Furthermore, the article also showed examples of how hip-hop
artists who are not Chinese but foreigners can also be a part of the Chinese
hip-hop identity despite their ethnic difference and identity (Barrett, 2012, p
256). This example shows how an identity, hybrid identity, can simultaneously
allow individuals to be in many identities, and thus can tap into the resources
that these identities embody.
The role of identity
as a gate to providing or constraining certain resources can be explained by
Toohey’s (2007) concept of the social-cultural perspectives on learning. Toohey
suggests that there are three elements which foster successful learner
autonomy; they are persons, resources and practices. Persons includes the
identities, positions, investments, and desires of the learners. Resources
includes the visible and invisible sources, such as materials, linguistic
abilities, and social support. Practices means the actions, communications, and
behaviors of participants. The three elements are all interrelated and all
elements goes two sides. Persons, including the identities they claim to have,
get access to resources and takes action to practices. Resources enables or
constrains persons and practices. Resources enables or constrains persons. Thus,
according to this perspective, the identity which Chinese hip-hop artists are
creating, can play the role of enabling or constraining material, resources and
practices.
In Hatano’s (2013)
article, he uses Makiguchi’s (1971) theory of value to interpret language
user’s behavior of choosing certain language. Makiguchi (1871-1944) is a
Japanese educator who “asserts that happiness lies in the pursuit of positive
value of gain, good, and beauty” (Hatano, 2013, p 54). Hatano further uses this
value theory to explain that language users will choose to use a certain
language because it is a process of seeking value. Value seeking is “also
important for discussing identity, because it can suggest reasons why people
sometimes identify themselves as group members who share the same interest”

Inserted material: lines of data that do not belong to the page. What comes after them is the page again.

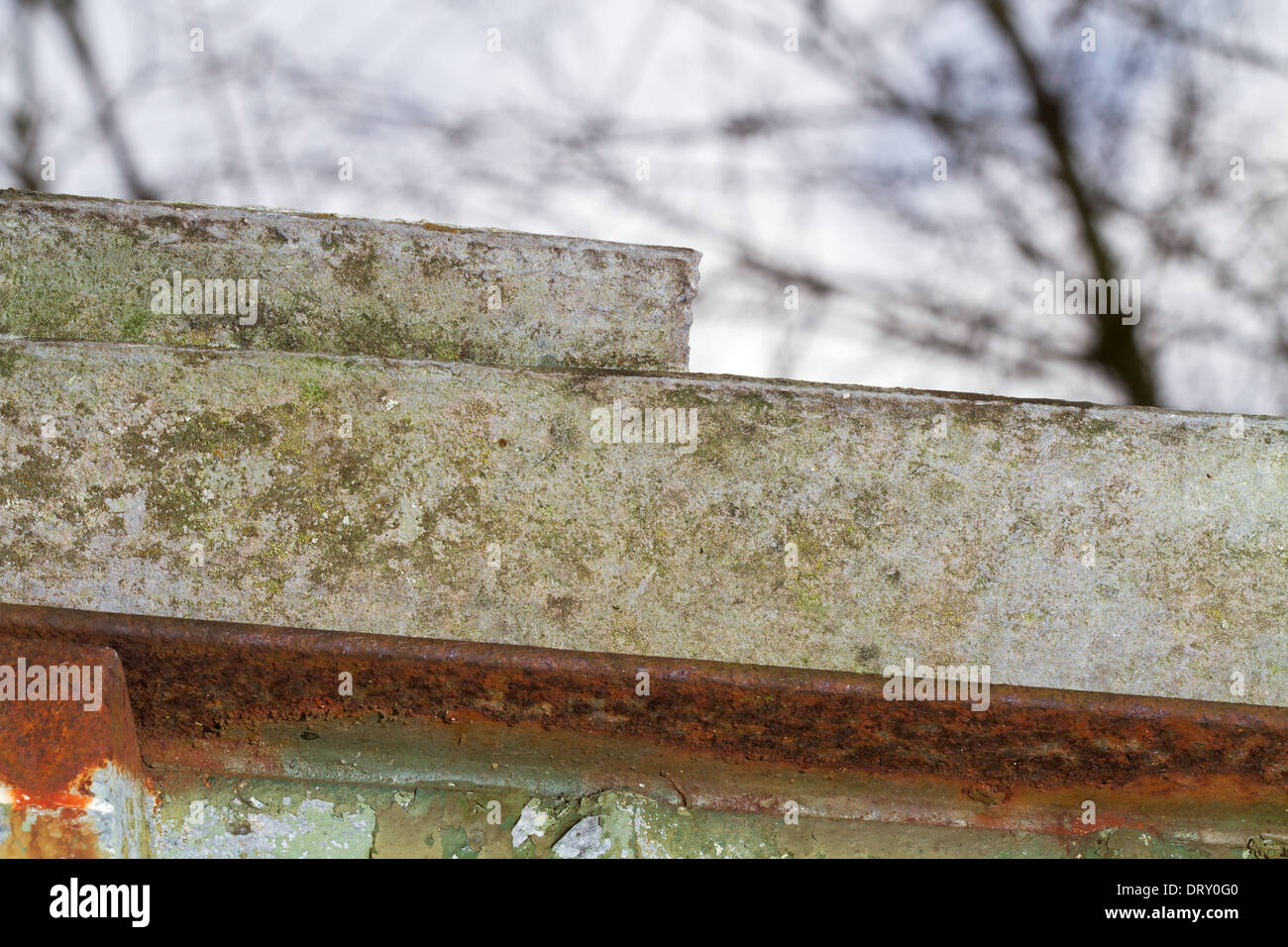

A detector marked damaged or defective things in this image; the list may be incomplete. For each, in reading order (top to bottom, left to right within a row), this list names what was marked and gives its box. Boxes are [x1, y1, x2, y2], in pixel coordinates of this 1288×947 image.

corroded metal surface [0, 189, 700, 370]
corroded metal surface [0, 340, 1282, 705]
rusted steel frame [0, 602, 1282, 798]
rust-streaked steel edge [5, 600, 1282, 798]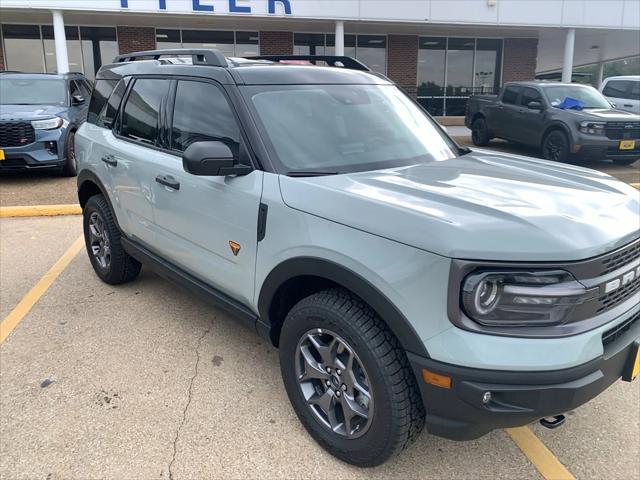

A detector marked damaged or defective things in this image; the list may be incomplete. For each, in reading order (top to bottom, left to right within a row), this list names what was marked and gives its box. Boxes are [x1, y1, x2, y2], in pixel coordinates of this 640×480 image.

cracked pavement [0, 216, 636, 478]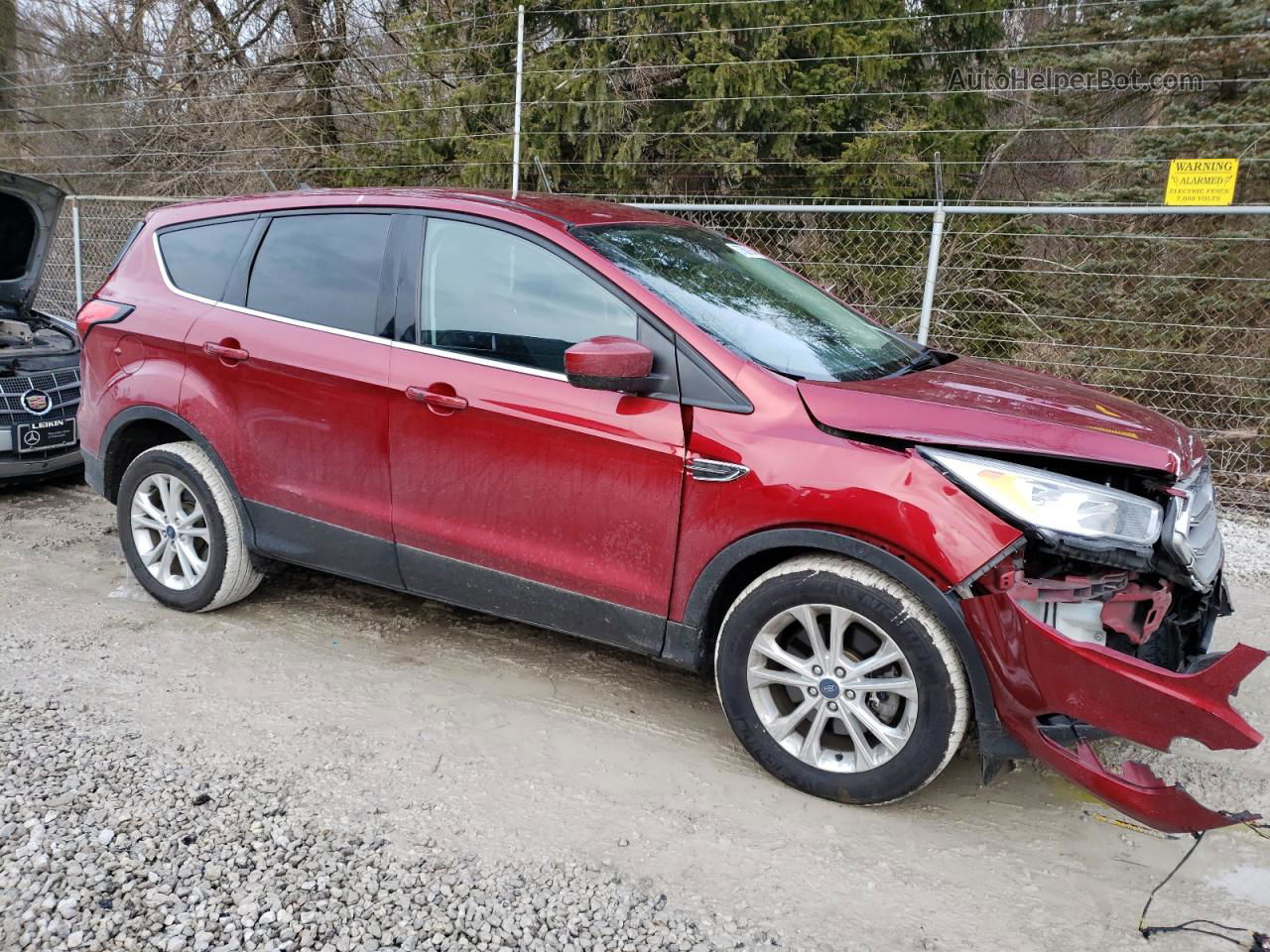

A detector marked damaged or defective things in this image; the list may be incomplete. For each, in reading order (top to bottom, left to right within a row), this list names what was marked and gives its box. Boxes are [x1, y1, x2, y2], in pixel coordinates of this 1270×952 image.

exposed headlight [919, 451, 1163, 547]
damaged front end [924, 451, 1270, 832]
crumpled front bumper [959, 594, 1259, 832]
detached bumper cover [964, 594, 1264, 832]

(Hatano, 2013, p 55). In other words, one’s identity will push them into
behaviors that show their pursuit of specific values. Makiguchi (1981-1988)

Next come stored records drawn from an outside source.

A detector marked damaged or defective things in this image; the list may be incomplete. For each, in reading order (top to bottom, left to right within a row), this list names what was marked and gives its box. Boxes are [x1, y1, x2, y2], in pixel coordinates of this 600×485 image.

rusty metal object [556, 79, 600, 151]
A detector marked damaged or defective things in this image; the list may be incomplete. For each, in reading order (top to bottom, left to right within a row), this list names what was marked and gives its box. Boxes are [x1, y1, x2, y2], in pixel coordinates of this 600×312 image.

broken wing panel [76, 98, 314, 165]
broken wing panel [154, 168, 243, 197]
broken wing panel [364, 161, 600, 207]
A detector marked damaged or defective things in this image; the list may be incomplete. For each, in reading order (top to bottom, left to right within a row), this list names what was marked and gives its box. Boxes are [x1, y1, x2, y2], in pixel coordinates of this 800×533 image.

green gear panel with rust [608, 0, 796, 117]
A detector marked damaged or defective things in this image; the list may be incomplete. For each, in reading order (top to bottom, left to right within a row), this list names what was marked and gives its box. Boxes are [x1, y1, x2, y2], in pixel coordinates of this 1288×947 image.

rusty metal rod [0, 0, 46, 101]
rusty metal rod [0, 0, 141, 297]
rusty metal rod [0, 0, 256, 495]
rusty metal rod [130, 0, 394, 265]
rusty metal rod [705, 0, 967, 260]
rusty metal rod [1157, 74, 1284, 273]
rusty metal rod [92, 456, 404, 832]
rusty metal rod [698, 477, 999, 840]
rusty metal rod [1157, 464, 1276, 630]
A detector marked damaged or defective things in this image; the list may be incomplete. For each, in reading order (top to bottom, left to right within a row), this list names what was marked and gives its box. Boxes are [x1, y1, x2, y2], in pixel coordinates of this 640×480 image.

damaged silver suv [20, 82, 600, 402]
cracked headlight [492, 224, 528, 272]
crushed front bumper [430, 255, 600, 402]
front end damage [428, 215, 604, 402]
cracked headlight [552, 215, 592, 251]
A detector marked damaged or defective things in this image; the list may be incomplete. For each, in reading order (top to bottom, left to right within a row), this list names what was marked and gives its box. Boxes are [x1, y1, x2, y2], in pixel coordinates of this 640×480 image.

explains value as a kind of property, “ (value) is the emotional relationship
between an object and human life, and signifies quantitative property which is
produced between the object and subject that evaluates it” (Makiguchi, 1971, p
219). Hence, identity can take the role of activating behaviors which pursues a
certain kind of value, which is an unseen property and resource.
In short, one’s
imagination of belonging to a certain identity can give them access or denial
to seen resources such as clothes, songs, jargons or unseen resources like
favor, attention, value or support from social networks.
5.
Implication and Conclusion
“…this pursued identity
is not unified and coherent, but is multiple, complex and a site of struggle.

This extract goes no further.